Chcę złożyć świadectwo o wysłuchanej prośbie i otrzymanej łasce od Królowej Różańca Świętego. Nowennę „odkryłam” i zaczęłam się nią modlić, gdy moja synowa już parę miesięcy chorowała na raka płuc. Była po kilku chemiach, które przerwano, bo nie było pozytywnych efektów leczenia. Lekarze zdecydowali o radioterapii. Gdy zaczęłam modlitwę kończyły się naświetlania i musieliśmy parę tygodni czekać na wyniki. Wierzyłam mocno, że Matka Boża pomoże. Dużo siły i nadziei dały mi liczne świadectwa. Zamówiłam też Mszę św. w Pompejach. Cała ta sytuacja zmieniła też moje duchowe życie bo wraz z podjęciem modlitwy starałam się być każdego dnia na Mszy św. i przyjmować Komunię św. i tak zostało do dziś.

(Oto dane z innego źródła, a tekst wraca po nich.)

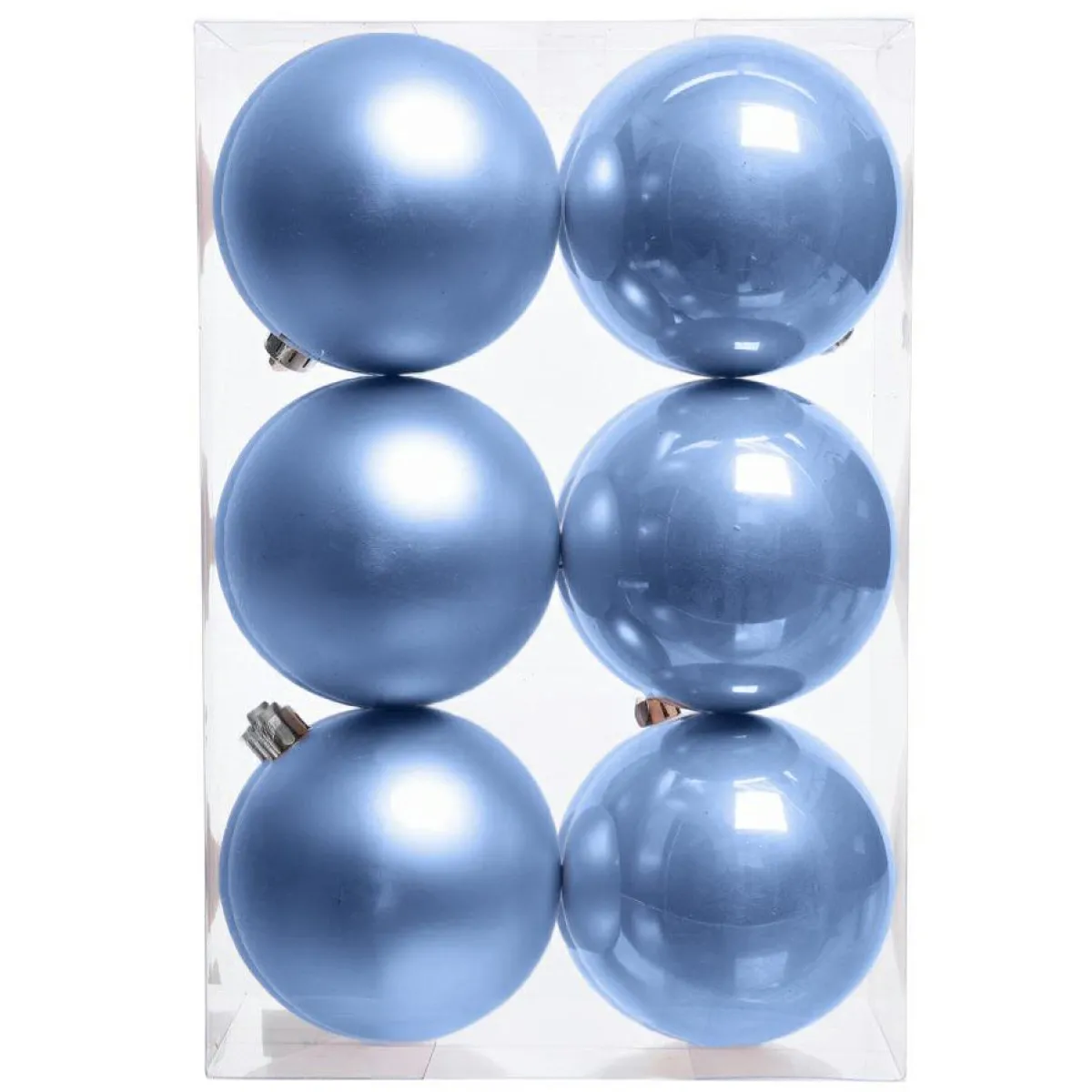 KAEMINGK Lot de 12 boules de Noël (D60 mm) Aravis Bleu Ciel Discount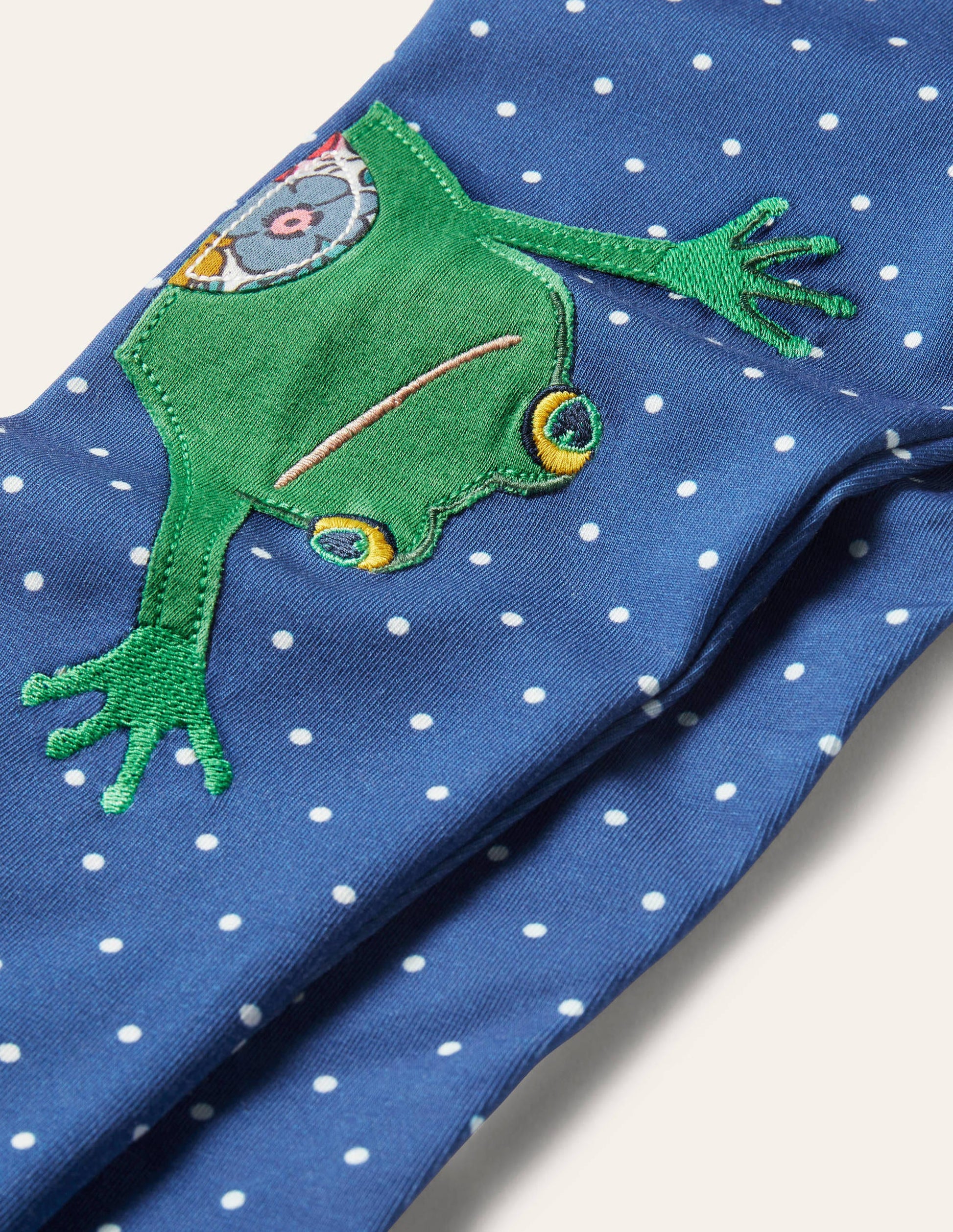 Fun Appliqué Leggings-Elizabethan Blue Pin Spot Frog-3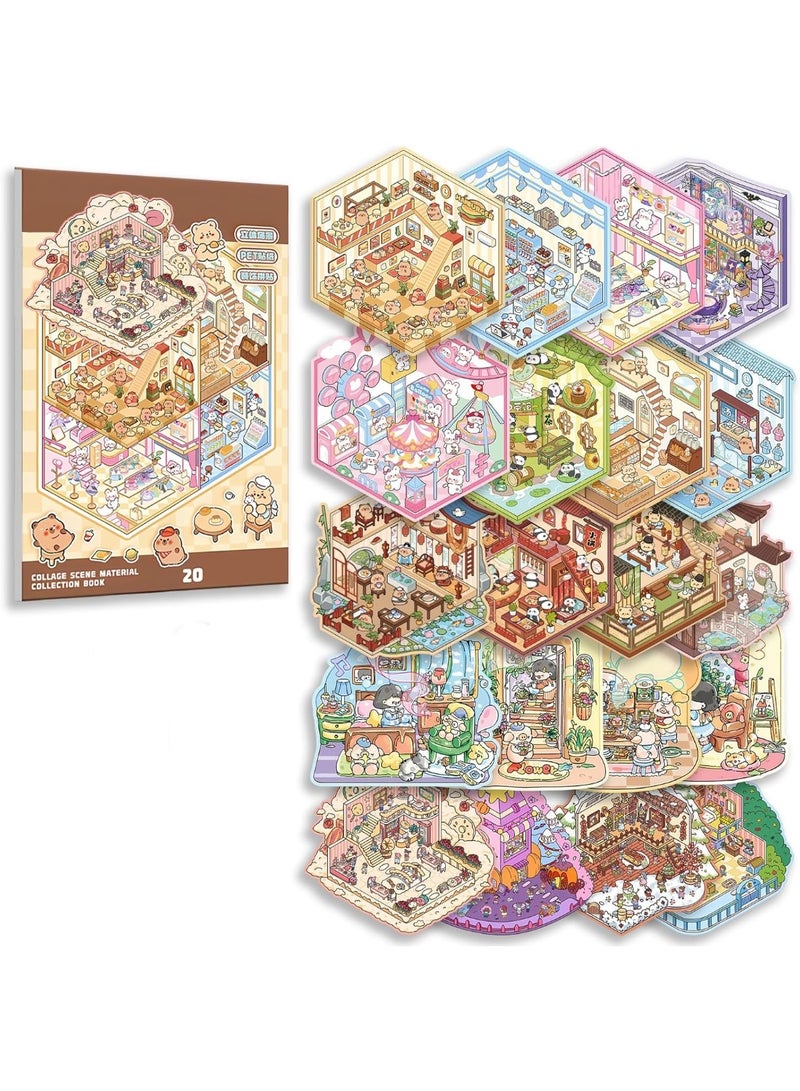 20 Sets DIY 3D Sticker Scene Collection Book for Kids Adults Cute Make Your Own Shop House Stickers for Gifts Stickers Therapy for Adult Relief Stress Pass The Time Play Park Hamburg Castle Library - Image 1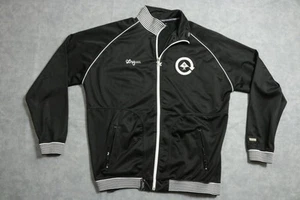 LRG Jacket Mens XL Full Zip Track Striped Collar Roots Equipment Black White - Picture 1 of 11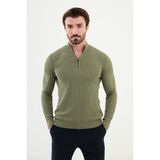 Dokulu Haki Slim Fit Fermuarlı Yarım Balıkçı Yaka Erkek Triko Kazak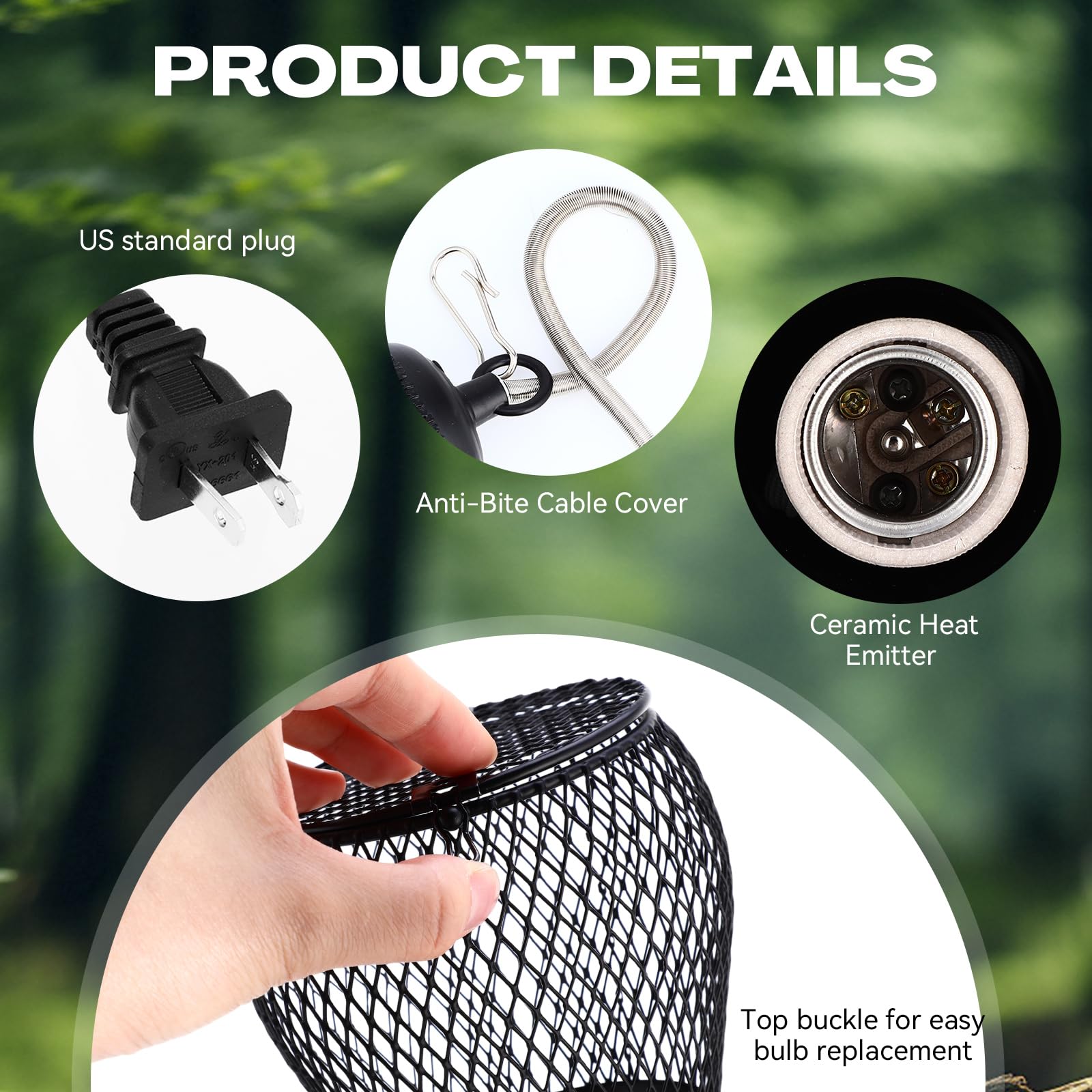 Retisee 2 lámparas de calor para reptiles, pantalla antiquemaduras con interruptor de encendido y gancho antimordeduras para lagartos, serpientes, pollitos, bombilla de 100 W no incluida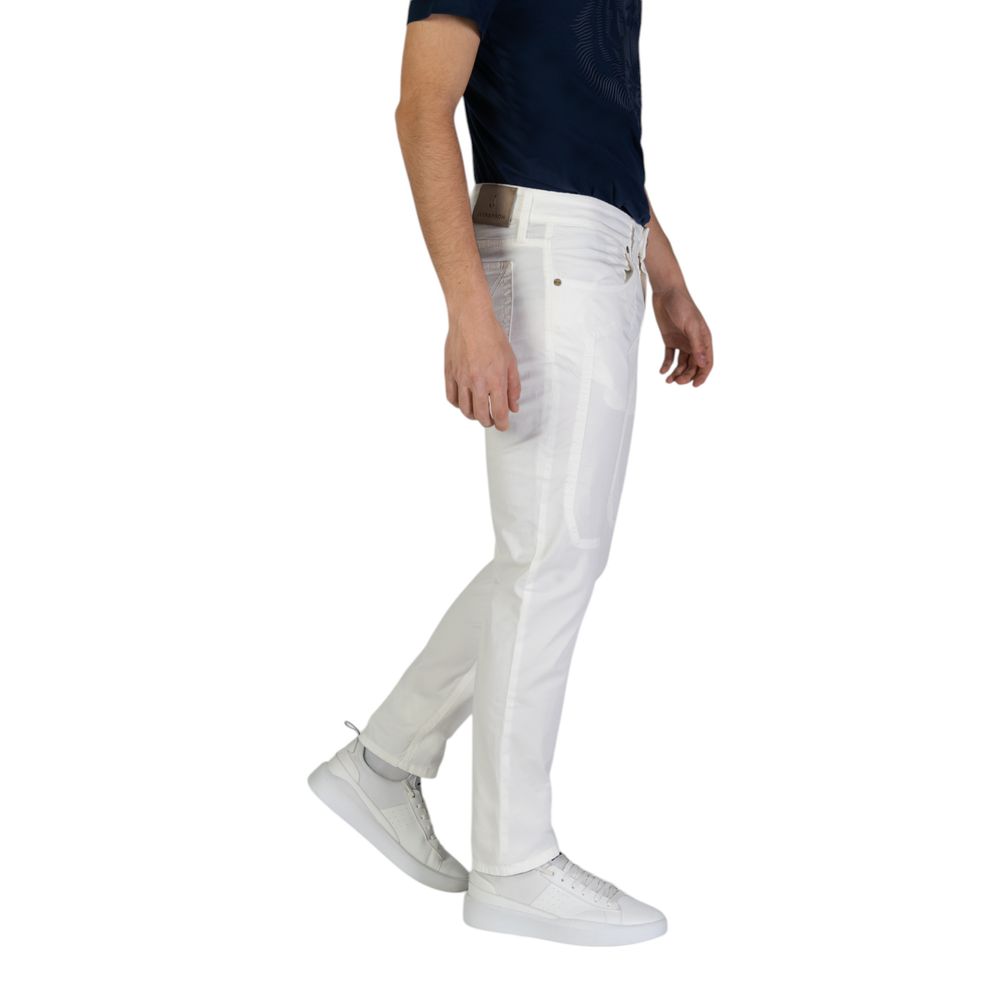 Jeckerson White Cotton Skinny Pant Jeckerson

Pierwsze „zwykłe ” prześwietlenie płuc nie wykazało „żywego” nowotworu, po dawnym zostały tylko zwapnienia czyli radioterapia zadziałała. Musieliśmy jeszcze parę tygodni czekać na tomografię płuc. Zaczęłam drugą nowennę z prośbą o zdrowie synowej, ale byłam dziwnie spokojna, że wyniki się potwierdzą i tak też było. Nasze Święta Wielkanocne w tym roku były wyjątkowo radosne. Wiem, że dużo osób modliło się o zdrowie mojej synowej i to jest
piękne. Dla mnie Królowa Różańca Świętego jest ratunkiem w trudnych sprawach, kocham Ją i chcę zostać wierna Jej i nowennie pompejańskiej.
Niech Bog panią blogoslawi
Przepięknie 🙂 Dużo zdrowia dla synowej 🙂
Jest pani wymarzoną teściową, nie każda synowa może mieć tak dobrą teściową.